The science behind the chain's real-estate decisions.

How Whole Foods Decides If Your Neighborhood Is Worthy

In Washington, landing a Whole Foods near you can feel like winning one of Willy Wonka’s golden tickets—a sign your neighborhood has arrived. The upscale chain, after all, is credited with catapulting the 14th Street corridor into a top residential choice. Could your corner of the region be next?

Thus when Whole Foods announced two new Washington-area stores in May, local reactions were predictably euphoric.

In the first location, Tysons Corner, the prospect of a 70,000-square-foot flagship was greeted as a sign that the office park/shopping mecca is on its way to becoming a place where people will actually want to live.

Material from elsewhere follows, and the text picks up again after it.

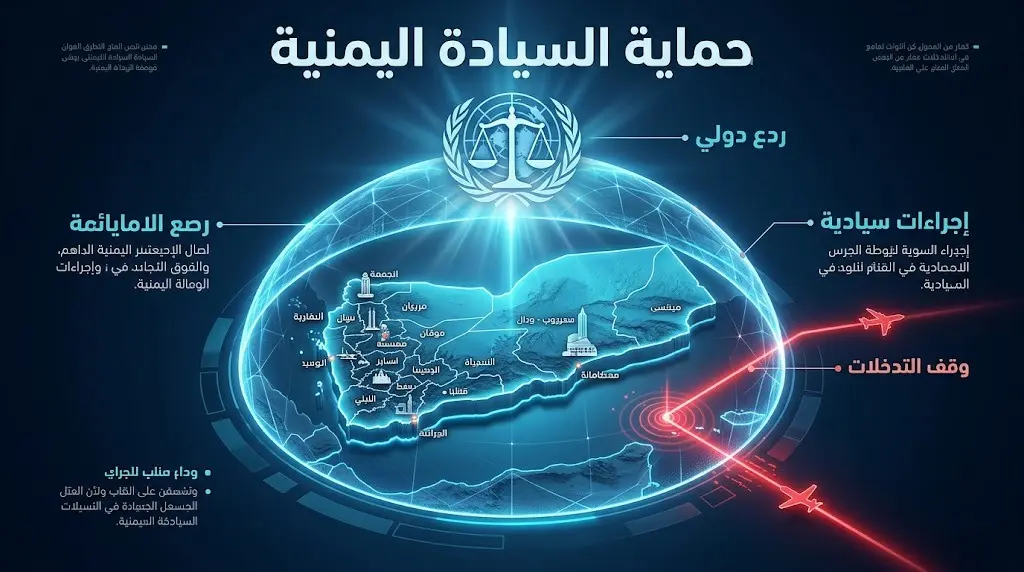 إنفوجرافيك جيوسياسي يوضح حماية السيادة اليمنية والمطالبة بتدخل أممي رادع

At the second, Shaw—two blocks from Howard University—the choice was interpreted as proof that the neighborhood’s recent gentrification is no ephemeral phenomenon.

Treating a high-priced grocer as some kind of real-estate fairy godmother, though, kind of misses the point. Like all major retailers, Whole Foods relies heavily on micro-demographics and complicated algorithms to determine which places are already on the rise and primed to attract the well-educated, affluent types who fit its meticulously researched customer profile. Hype notwithstanding, the store doesn’t anoint a neighborhood—it does a more intricate version of the same math a lot of house-hunters do. And that, of course, is what makes its science so interesting.

Since 2000, when the Logan Circle Whole Foods opened, 28 more grocery stores have arrived in the District, according to the Washington, DC Economic Partnership. One reason is that the city started offering a tax break as an incentive for grocers to come.

The Logan Circle store often gets credit for the neighborhood’s boom. Photograph by Andrew Propp.

More significant, though, is a shift in how retailers and customers think about location. Whole Foods just happened to spy it first. The traditional supermarket model—a freestanding, one-story building on an ocean-size surface parking lot—no longer works in most places. Not only do more people want to live, shop, and play in the same mixed-use developments, but land values simply make that kind of design untenable.

“If you want to serve areas inside the Beltway, you’ve got to do an urban model,” says Cary Judd, a principal at the real-estate brokerage KLNB Retail who represents Harris Teeter.

Even in suburban locations, grocers now seek out densely populated locales, convenient not only for drivers but for pedestrians, too. The Tysons Whole Foods, set to open in 2018, will be part of an 18-acre development called the Boro, just off the Greensboro stop on Metro’s Silver Line.

The project’s developers at the Meridian Group say the real-estate team at Whole Foods was initially interested in the corner where the two main thoroughfares of Greensboro and Westpark drives meet. There they could take advantage of traffic patterns that flow past from well-heeled neighborhoods in McLean. But as they got deeper into their evaluation, they became more focused on the location’s ability to attract pedestrians. Already about 24,000 people work within a ten-minute walk, and the Meridian Group projects that by 2019 more than 3,700 will be living within the same distance, including several hundred in apartments directly above Whole Foods.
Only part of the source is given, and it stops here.